◆ **WHAT THIS TASK INVOLVES**
Take the lines below between the one holding "Vidaxl Posteljni okvir" and the one holding "Vicco KUCHYŇSKÝ KOUT", inclusive, and copy them exactly. Add nothing.

[Stored entries]
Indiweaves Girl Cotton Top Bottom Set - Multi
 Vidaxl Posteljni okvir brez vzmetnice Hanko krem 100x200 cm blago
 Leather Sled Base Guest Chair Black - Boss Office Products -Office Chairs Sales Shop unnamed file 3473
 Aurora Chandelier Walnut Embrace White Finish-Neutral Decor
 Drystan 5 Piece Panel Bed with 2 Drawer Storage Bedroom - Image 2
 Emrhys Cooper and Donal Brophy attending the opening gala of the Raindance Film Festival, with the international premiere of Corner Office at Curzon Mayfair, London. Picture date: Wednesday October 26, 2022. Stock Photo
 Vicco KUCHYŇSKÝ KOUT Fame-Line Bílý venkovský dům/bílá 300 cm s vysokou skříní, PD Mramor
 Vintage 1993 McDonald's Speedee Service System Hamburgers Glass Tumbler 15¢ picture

◆ **WRITTEN REPLY**
 Vidaxl Posteljni okvir brez vzmetnice Hanko krem 100x200 cm blago
 Leather Sled Base Guest Chair Black - Boss Office Products -Office Chairs Sales Shop unnamed file 3473
 Aurora Chandelier Walnut Embrace White Finish-Neutral Decor
 Drystan 5 Piece Panel Bed with 2 Drawer Storage Bedroom - Image 2
 Emrhys Cooper and Donal Brophy attending the opening gala of the Raindance Film Festival, with the international premiere of Corner Office at Curzon Mayfair, London. Picture date: Wednesday October 26, 2022. Stock Photo
 Vicco KUCHYŇSKÝ KOUT Fame-Line Bílý venkovský dům/bílá 300 cm s vysokou skříní, PD Mramor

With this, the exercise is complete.